Dans la mythologie grecque, Despoina (en grec ancien : Δέσποινα / Déspoina) est la fille de Déméter et de Poséidon, et la sœur d'Arion[1].

Déesse du gel, elle était la déesse des mystères des cultes arcadiens, où elle était vénérée sous le titre de Despoina (« la Maîtresse »)[2], aux côtés de sa mère Déméter, l'une des figures centrales des mystères d'Éleusis. Son vrai nom ne pouvait être révélé qu'aux initiés à ses mystères[3]. La seule source écrite est du IIe siècle av. J.-C. : Pausanias mentionne Déméter comme ayant deux filles, la première étant Korè, et Despoina la seconde. Zeus est donné comme étant le père de Korè, et Poséidon celui de Despoina. Pausanias explique aussi que Korè était Perséphone, mais il ne révèle pas le nom propre de Despoina.

Mythe modifier

Dans le mythe, Poséidon ayant vu Déméter alors qu'elle était à la recherche de sa fille Perséphone enlevée par Hadès, l'a désirée. Pour l'éviter, elle prit sa forme archaïque de jument, mais Poséidon prit la forme d'un étalon et s'unit avec elle. De cette union, Déméter donne naissance à une fille, Despoina, et à un cheval fabuleux, Arion. En raison de sa colère face à cette tournure des événements, Déméter reçut également l'épithète d'Érinys (la « rage »)[4].

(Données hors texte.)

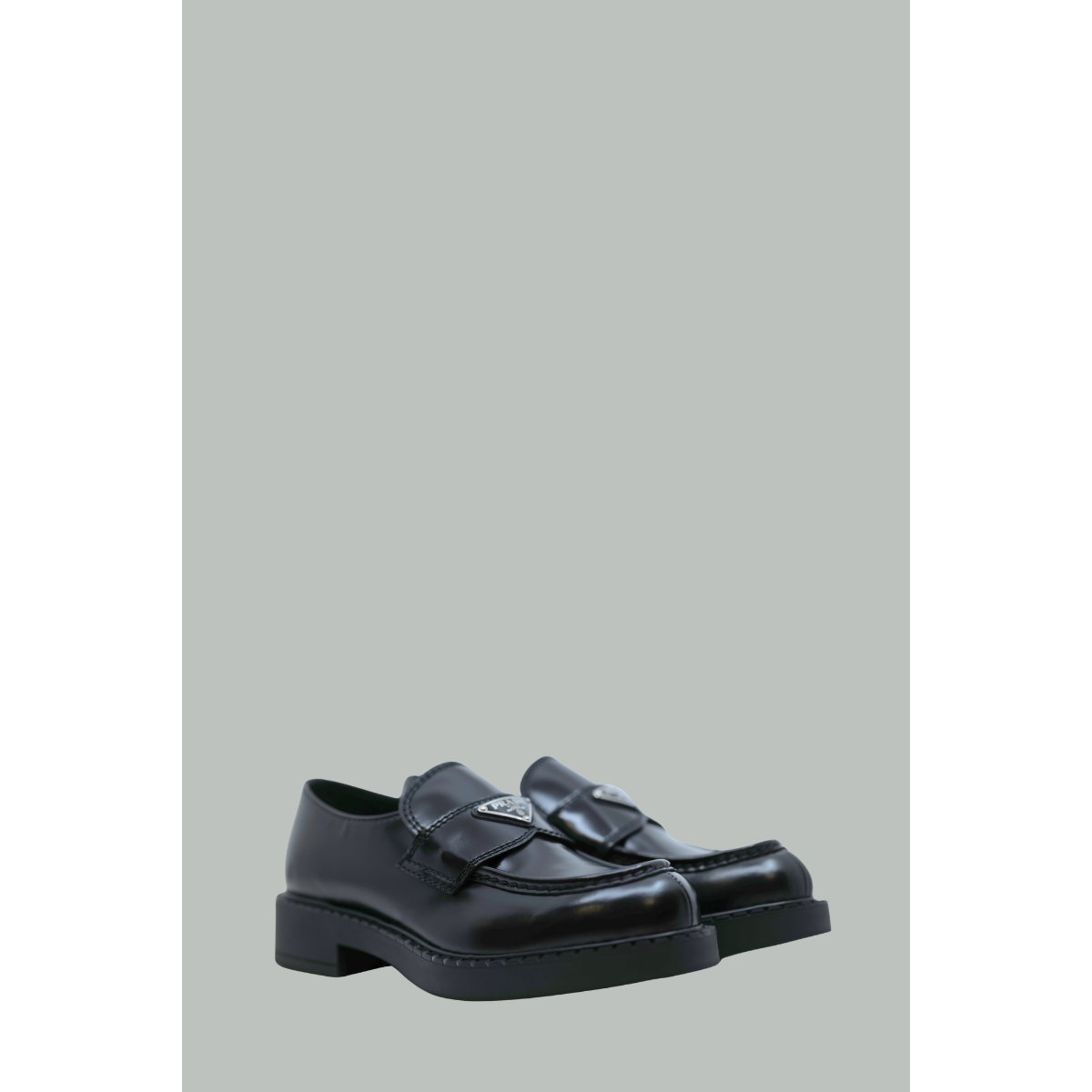 Chocolate brushed leather moccasins - Black - PRADA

L'enfant fut confiée par Déméter, toujours à la recherche de sa fille aînée, au Titan Anytos, qui l'éleva et la nomma[5]. Des deux filles de Déméter, Perséphone est la fille bien-aimée et Despoina était redoutée pour être une déesse liée aux phénomènes hivernaux tels que les gelées.

Culte de Despoina modifier

Le culte de Despoina fut très important dans l'histoire des cultes à mystères de la Grèce antique à Lycosoura, qui appartenaient à une strate d'une religion plus primitive en Arcadie[6]. De toute évidence, les croyances religieuses des premiers peuples de langue grecque qui sont entrés dans la région se sont mélangées aux croyances de la population indigène. Selon B. Dietriech, la figure d'une déesse de la nature, de la naissance et de la mort était dominante dans les cultes minoens et mycéniens à l'âge du bronze[7]. Wanax était son compagnon masculin (parèdre) dans le culte mycénien et, généralement, ce titre était appliqué au dieu Poséidon en tant que roi des mers[7].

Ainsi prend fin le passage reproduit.